En tous les cas en 1942, la famille a paru suspecte aux yeux d’un « bon français ». Avertis, ils s’enfuient donc vers la Zone Sud en 4 groupes différents. Ginette et ses deux sœurs sont arrêtées. Elles ne cèdent pas aux interrogatoires et sont relâchées au bout de quelques jours. Malgré l’occupation de tout le territoire français à partir de novembre 1942, pour Ginette et sa famille, installée à Avignon, la vie continue. Bien-sûr, personne ne sait qu’ils sont juifs avant que la Gestapo ne fasse irruption au domicile le lundi 15 mars 1944, arrêtant les personnes qu’elle y trouve: Léon le père, Gilbert le petit frère, Jojo le fils de Léa (arrêtée à Paris en 1943 et qui n’a plus donné de nouvelles depuis) et Ginette. Ils passent par deux prisons avant l’internement à Drancy et le départ le 13 avril 1944 pour « Pitchipoi », synonyme d’inconnu, Auschwitz-Birkenau.

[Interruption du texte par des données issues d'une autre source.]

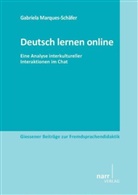 Dr Gabriela Marques-Schäfer, Gabriela Marques-Schäfer - Deutsch lernen online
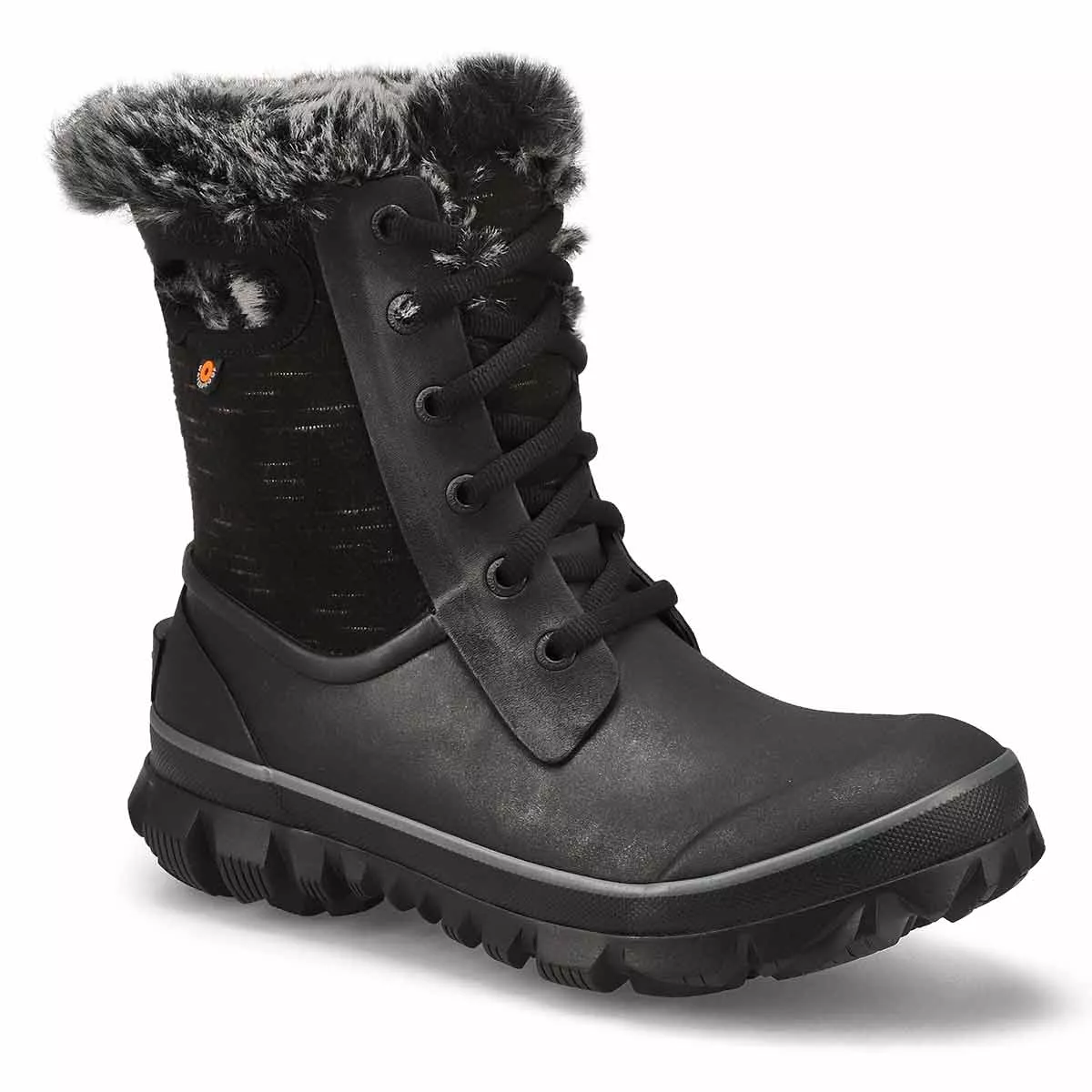 Cheap Bogs, Botte imperméable ARCATA DASH, noir, femmes 0202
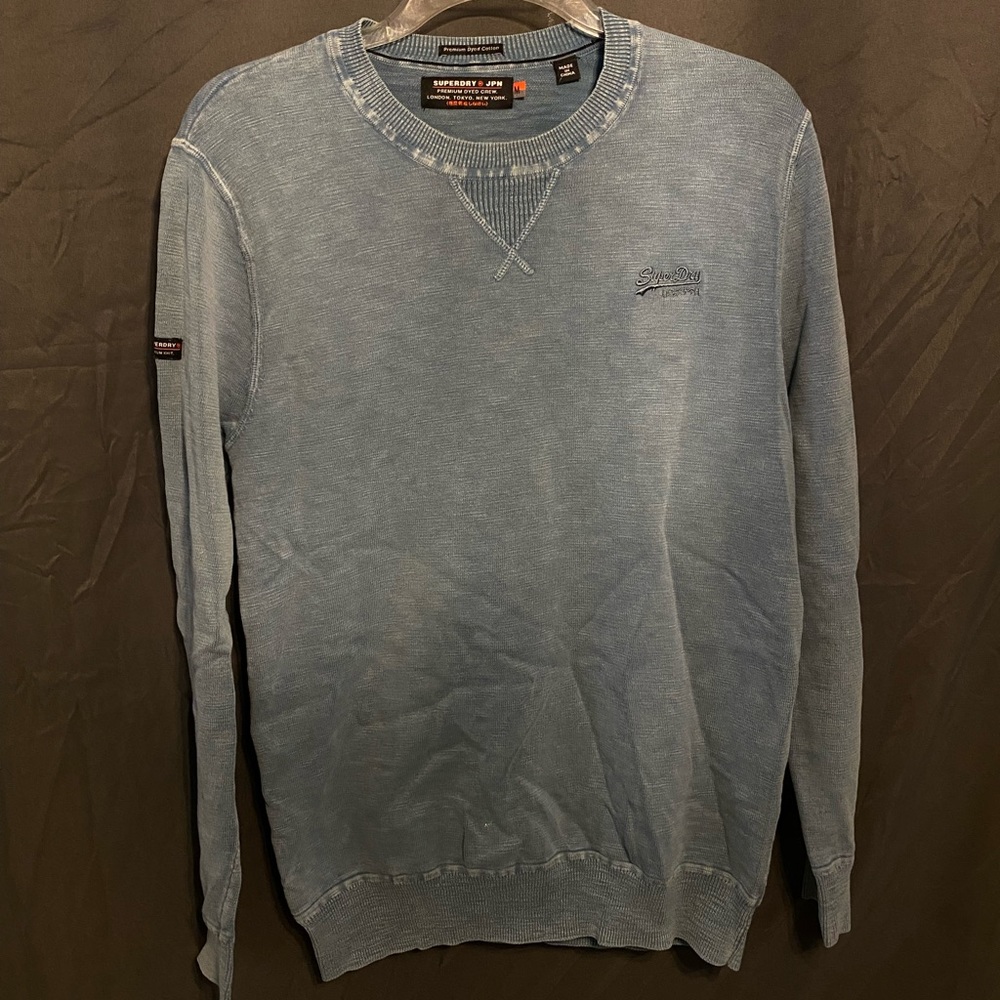 SUPERDRY CREW NECK LONG SLEEVE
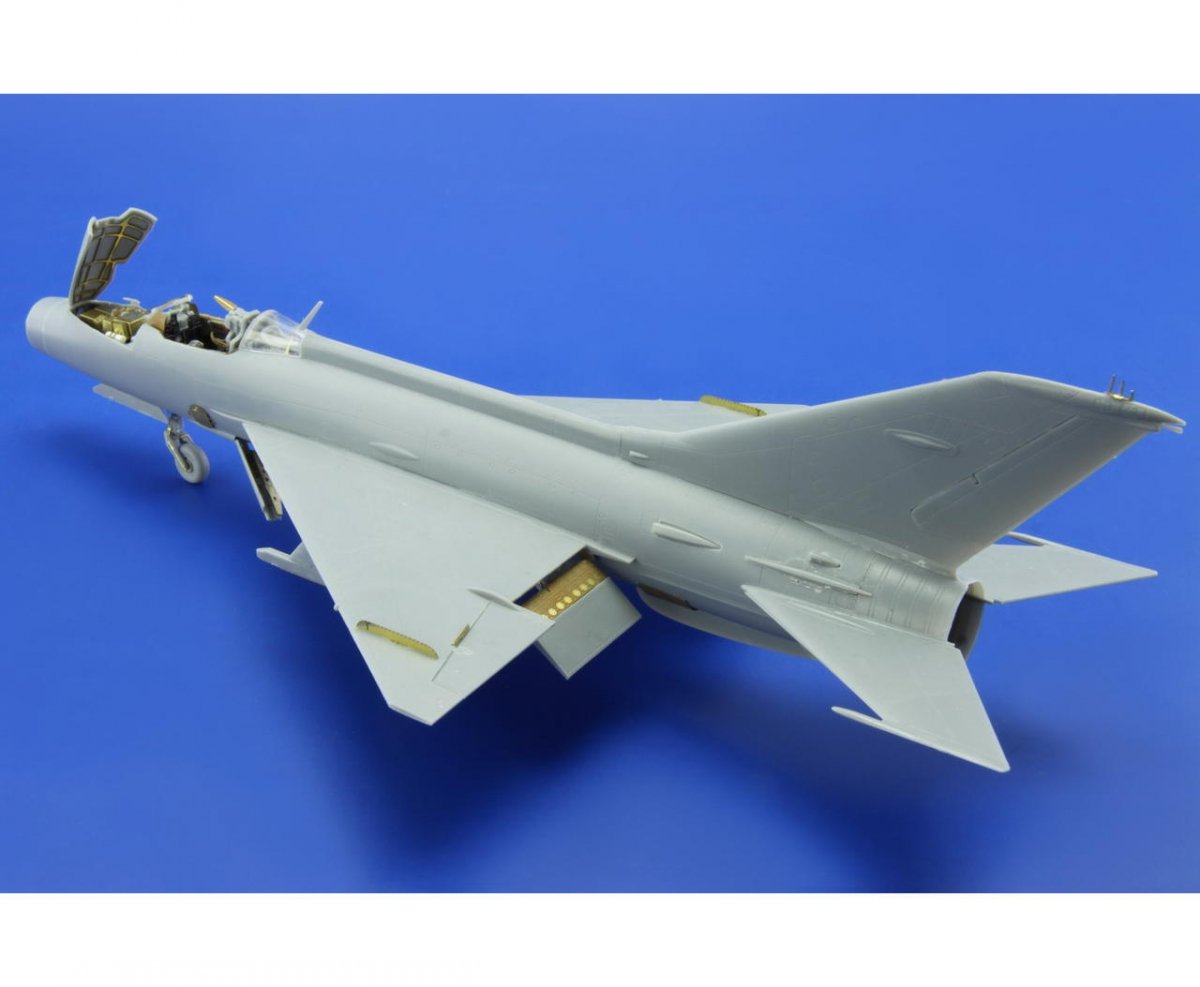 Eduard 48767 MiG-21F-13 exterior 1/48 Trumpeter – Bild 12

Convoi 71, 1500 déportés, 174 survivants en 1945.
J’ai toujours refusé de reparler de la déportation, même avec mes proches (…) je ne voulais pas raconter à des gens qui avaient perdu quelqu’un, comment ce dernier avait souffert, comment il était mort.
Là commence l’irracontable. Ginette a mis presque 50 ans avant de se décider à le faire, lorsque l’équipe de « l’américain qui fait des cassettes » comme elle l’appelle, Steven Spielberg, entre en contact avec elle en 1993 pour le tournage de La liste de Schindler et témoigner pour USC Shoah Foundation qui a récolté « 52000 témoignages réalisés dans 61 pays en 39 langues« . Toutes ces années pendant lesquelles elle a tout fait pour cacher son numéro tatoué.
Je ne dirai rien de tout ce passage car il faut lire ce témoignage pour comprendre non pas ce qu’ont fait des monstres comme on le dit parfois, mais des hommes qui au nom de l’idéologie nazie, ont délibérément réduit d’autres hommes, femmes et enfants, au statut de rien, si ce n’est d’un chiffre avec l’adhésion de presque tout un peuple et de ses collaborateurs français, hongrois, roumains, autrichiens, polonais, ….
Dans un article publié dans le Nouvel Obs lors de la commémoration des 50 ans de la libération du camp d’Auschwitz-Birkenau, Ginette rapportait: « J’ai toujours refusé de reparler de la déportation, même avec mes proches. Non pas parce que j’avais peur que l’on me croit ou que l’on ne me croit pas, mais je ne voulais pas raconter à des gens qui avaient perdu quelqu’un, comment ce dernier avait souffert, comment il était mort. »
Aujourd’hui Ginette a bientôt 93 ans. Membre de l’Union des Déportés d’Auschwitz –UDA – elle ne cesse d’apporter son témoignage auprès des collégiens et des lycéens lors de voyages à Auschwitz-Birkenau, dans les établissements scolaires en France, ou au Mémorial de la Shoah à Paris.
La biographie écrite par Philippe Dana, rapporte la résistance à l’insupportable, mais aussi la gouaille toute parisienne d’un joyeux, drôle et fort bout de femme. La lecture commencée, on ne peut plus s’arrêter de partager ces moments avec elle.